• Work order: Reproduce every line below exactly as written; do not include the images.

• Data extract:
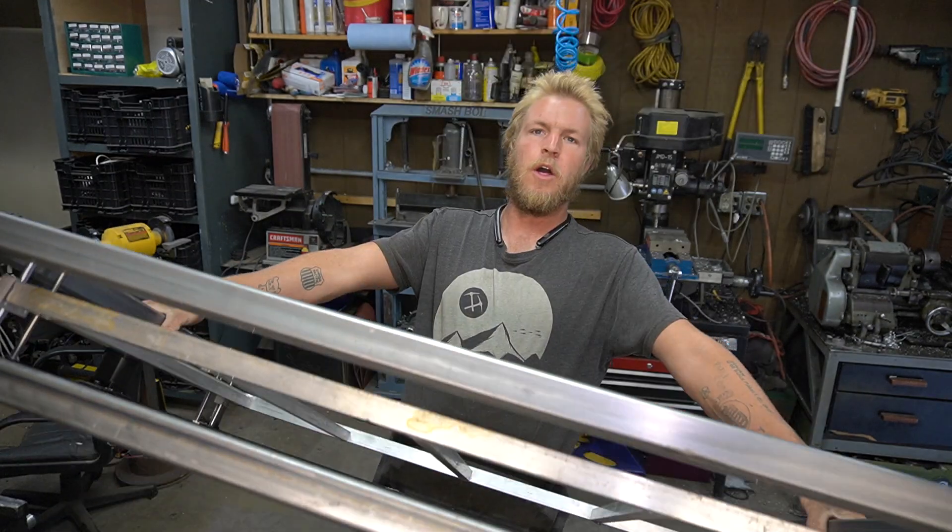This is part two of the CNC build. In the last video we built the raising and lowering bed — if you missed that, go check it out. In this video we're going to be focusing on building the X and Y gantry and the laser mount, so hopefully by the end of this video we'll have basically a working CNC machine, minus all the nerd stuff.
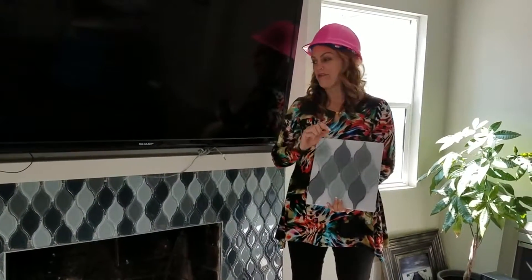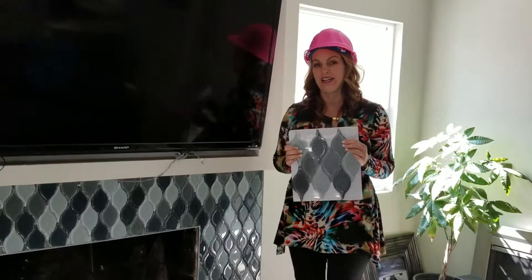Hey there, Holly McCann with Housefoot Masters showing you today my own personal fireplace. I want to talk for a minute about the tile. This was a different kind of calculation I had to do with the tile, so I wanted to tell you about it so you don't ever make a mistake with this.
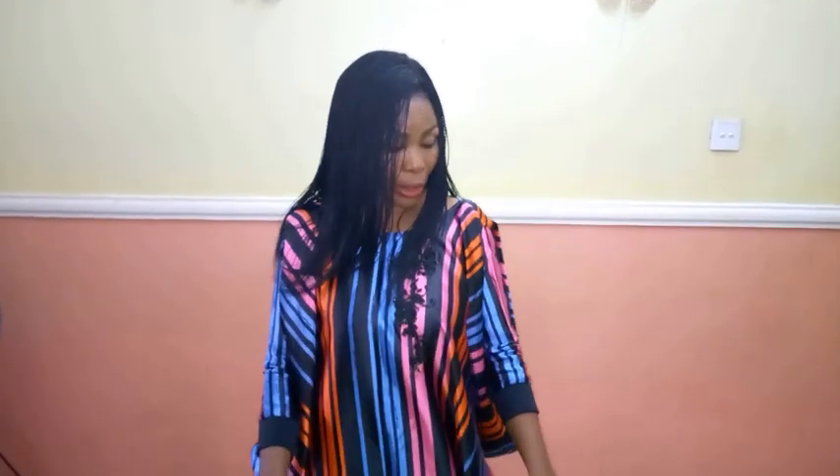Hello guys and welcome back to Stylish Manager channel. I want to say thank you to all of my subscribers, I really appreciate you guys a lot. Today I'm going to be showing you how to cut a replaceable sleeve for a caftan or a dress. This is just a new and trendy style that is coming up now, so I just want to share it with you.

• Solution for this task:
This is part two of the CNC build. In the last video we built the raising and lowering bed — if you missed that, go check it out. In this video we're going to be focusing on building the X and Y gantry and the laser mount, so hopefully by the end of this video we'll have basically a working CNC machine, minus all the nerd stuff.
Hey there, Holly McCann with Housefoot Masters showing you today my own personal fireplace. I want to talk for a minute about the tile. This was a different kind of calculation I had to do with the tile, so I wanted to tell you about it so you don't ever make a mistake with this.
Hello guys and welcome back to Stylish Manager channel. I want to say thank you to all of my subscribers, I really appreciate you guys a lot. Today I'm going to be showing you how to cut a replaceable sleeve for a caftan or a dress. This is just a new and trendy style that is coming up now, so I just want to share it with you.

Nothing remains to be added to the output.